3) Un élan vers l’infini :

-          A l’attitude d’humilité, correspond sur le plan religieux la volonté de s’abîmer en Dieu, par la mort conçue comme une nouvelle vie : périphrase euphémistique (la saison de ta migration), anaphore de souvent qui met clairement sur le même plan la religion (Le clocher solitaire, s’élevant au loin dans la vallée, a souvent attiré mes regards) et l’évocation de la mort (souvent j’ai suivi des yeux les oiseaux de passage)

-          Le souffle du vent est, comme dans la Bible, la manifestation de Dieu ; c’est pourquoi le mot vent apparaît très souvent dans le texte (murmure que les vents et les eaux / au milieu des vents, des nuages et des fantômes / une feuille séchée que le vent chassait / attends que le vent de la mort se lève / le vent sifflant dans ma chevelure / cf. lorsque l’aquilon ébranlait ma chaumière).
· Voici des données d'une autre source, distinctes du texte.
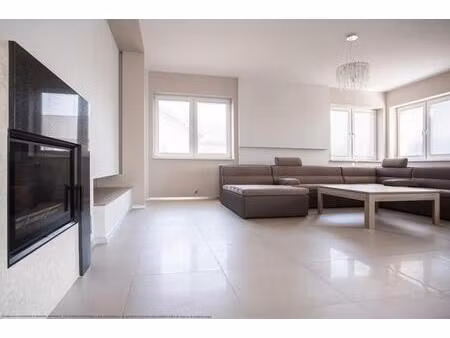 t5 aux beaux volumes en bord de garonne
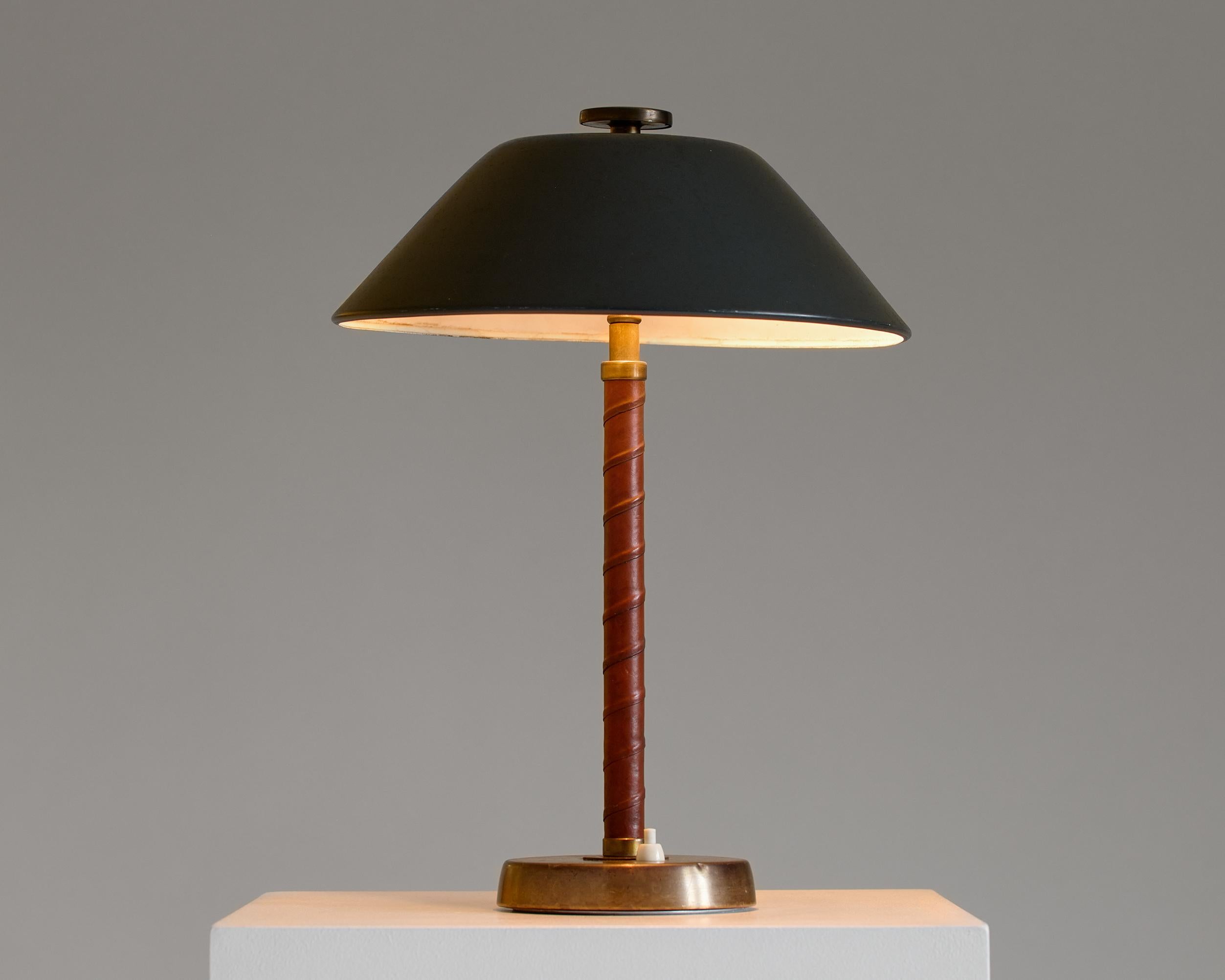 Lampe de table suédoise The Modernity d'Einar Bäckström en laiton, métal sarcelle et cuir en vente 5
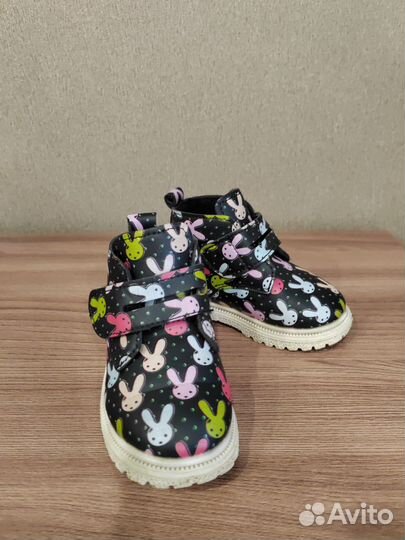 Ботинки демисезонные для девочки 21 размер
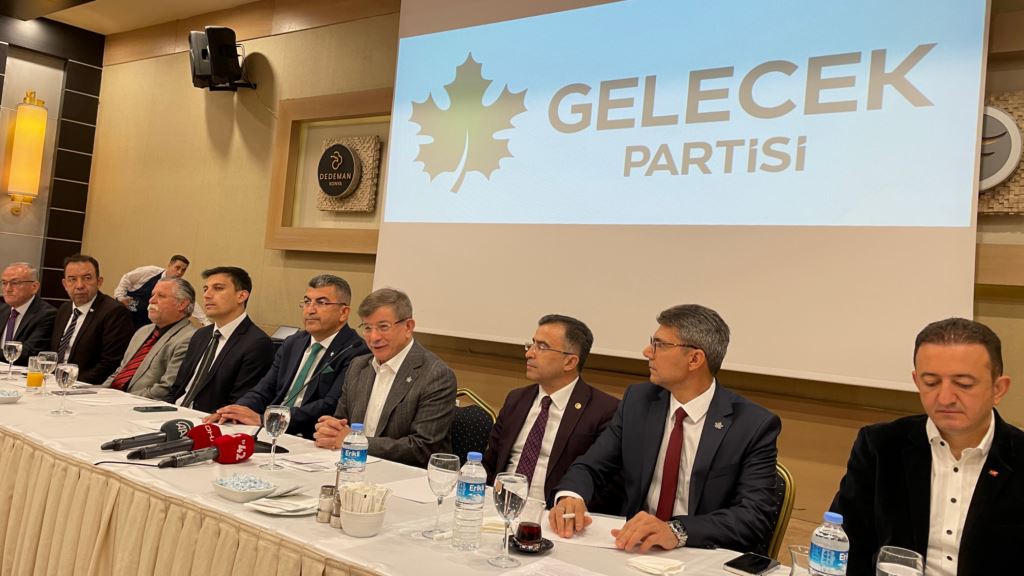 Gelecek Partisi Genel Başkanı Davutoğlu Konya'da gazetecilerle bir araya geldi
-          Cette dimension religieuse (connotation religieuse de ravissement, repris plus bas par enchanté, tourmenté, et comme possédé par le démon de mon cœur) invite à une relecture de la description à laquelle un réseau de correspondances précises confère un autre sens :

-          l’idée, comme chez Werther, d’une volonté de se hisser jusqu’à Dieu (tu déploieras ton vol), est reprise dans la description (la fumée s’élevait / Le clocher solitaire, s’élevant au loin / les oiseaux de passage qui volaient au-dessus de ma tête / j’aurais voulu être sur leurs ailes).
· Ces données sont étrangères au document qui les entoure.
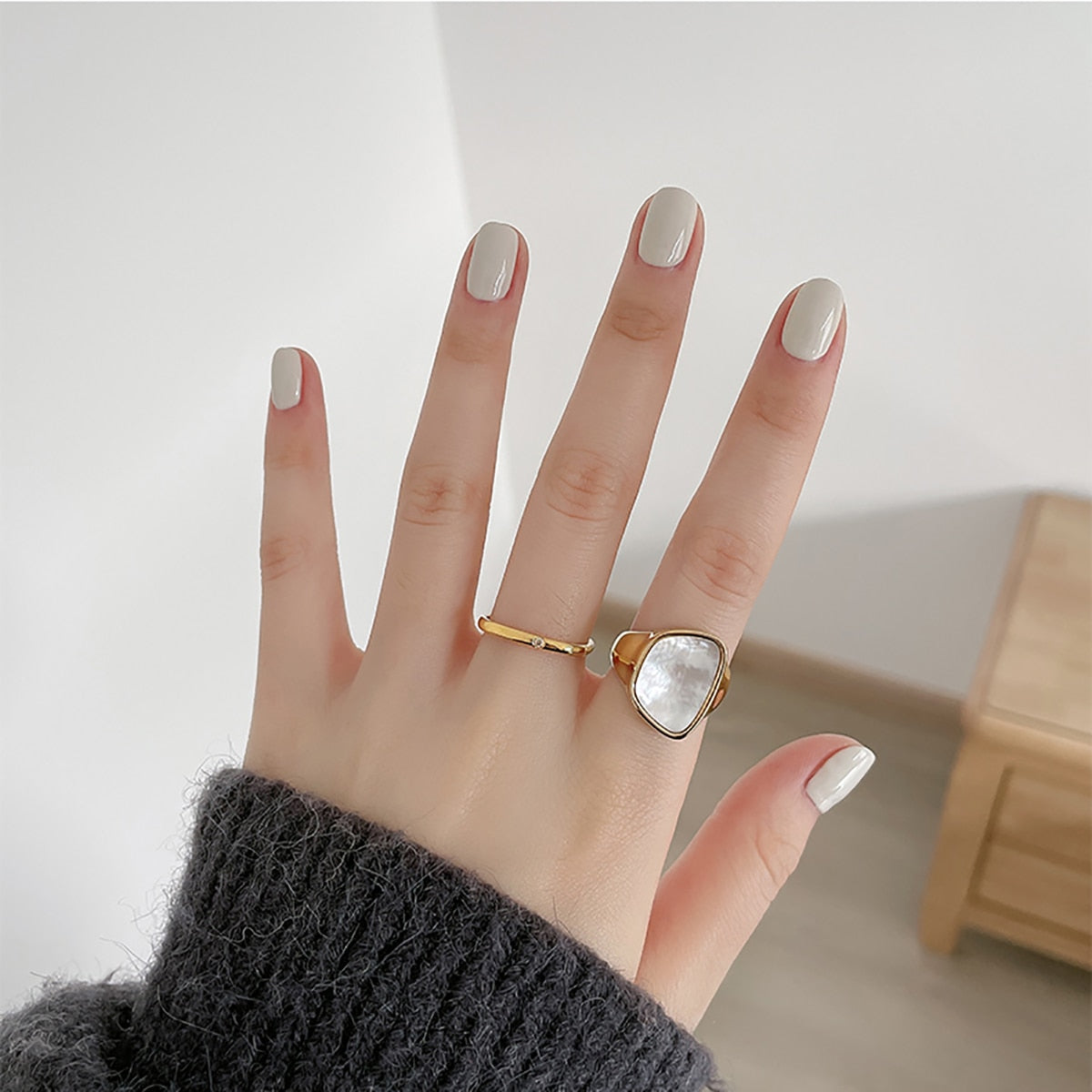 sengpan Gold Silver Color Stainless Steel Shell Rings for Women Geometric Chunky Finger Rings Minimalist Waterproof Jewelry Gift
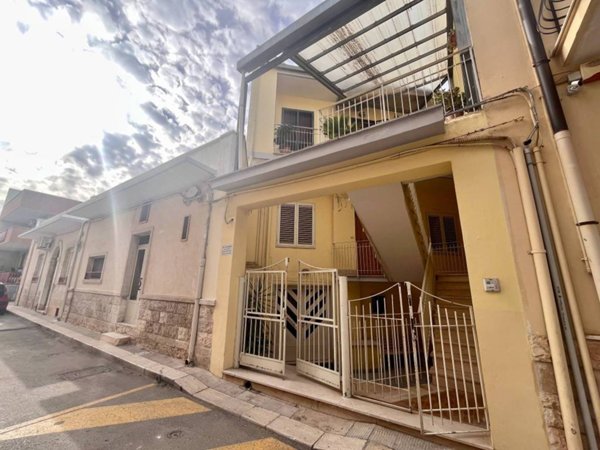 intera palazzina in vendita a Bitetto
-          La petitesse et la fragilité de l’homme en face de la grandeur et de la puissance de Dieu sont également suggérées : je m’égarais sur de grandes bruyères / une feuille séchée que le vent chassait devant moi, une cabane dont la fumée s’élevait dans la cime dépouillée des arbres, la mousse qui tremblait au souffle du nord sur le tronc d’un chêne, une roche écartée, un étang désert (cf. le silence d’un désert au début) où le jonc flétri murmurait (cf. le murmure au début).
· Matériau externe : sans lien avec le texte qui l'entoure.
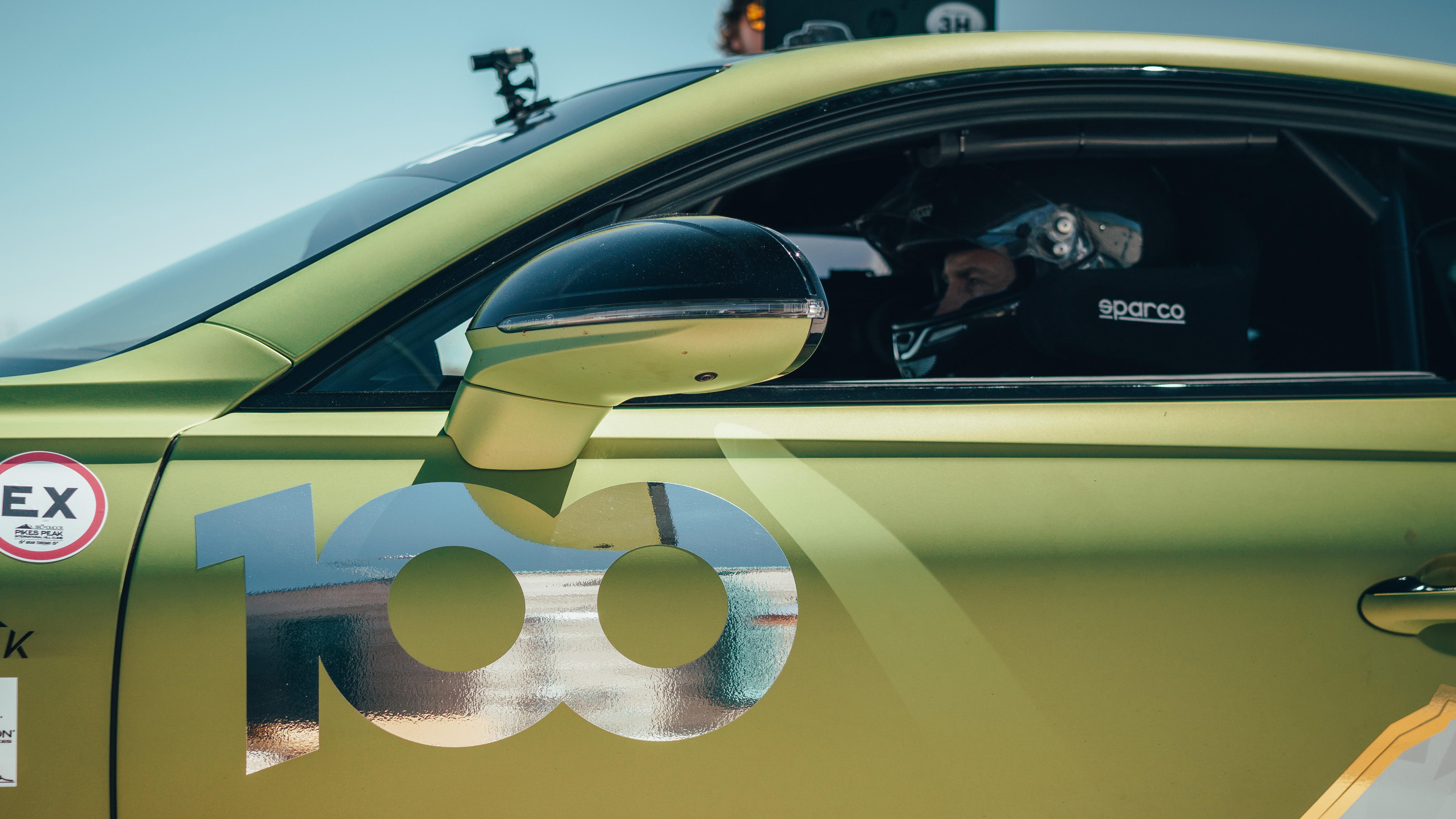 continental_gt_breaks_record_at_pikes_peak_5.jpg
-          La différence essentielle avec Werther est que, au lieu d’être anéanti par le spectacle de la nature, René opère un renversement à la fin du texte : dimension prométhéenne où le personnage se sent “ la puissance de créer des mondes ”, où à la tentation de la mort répond le bouillonnement de la vie (il me semblait que la vie redoublait au fond de mon cœur). Le moi se fait plus présent (ma chaumière… mon toit… ma fenêtre je voyais la lune … me semblait que la vie redoublait au fond de mon cœur, que j’aurais eu), et René, qui désirait s’envoler vers le ciel, fait descendre le ciel sur terre. C’est le sens de la comparaison qui clôt le texte : le bas prend la place du haut, la lune devient un pâle vaisseau, les nuages du ciel deviennent des vagues ; c’est une nouvelle évocation de René lui-même puisque ce passage reprend clairement la thématique du guerrier “ errant au milieu des vents, des nuages et des fantômes ”.

 

Conclusion :

  Comme chez Goethe, le personnage de Chateaubriand trouve la solution de son mal dans l’écriture : c’est le même mal de vivre, le même déchirement entre un idéal de grandeur et le sentiment intime de l’impuissance de l’homme. Mais chez Chateaubriand la réflexion se fait à la fois plus noire et plus profonde, plus énergique aussi : l’art permet à l’homme de dépasser sa petitesse et de se faire l’interprète de Dieu, thème qui sera largement repris par Victor Hugo, grand admirateur de Chateaubriand (“ Je serai Chateaubriand ou rien ”).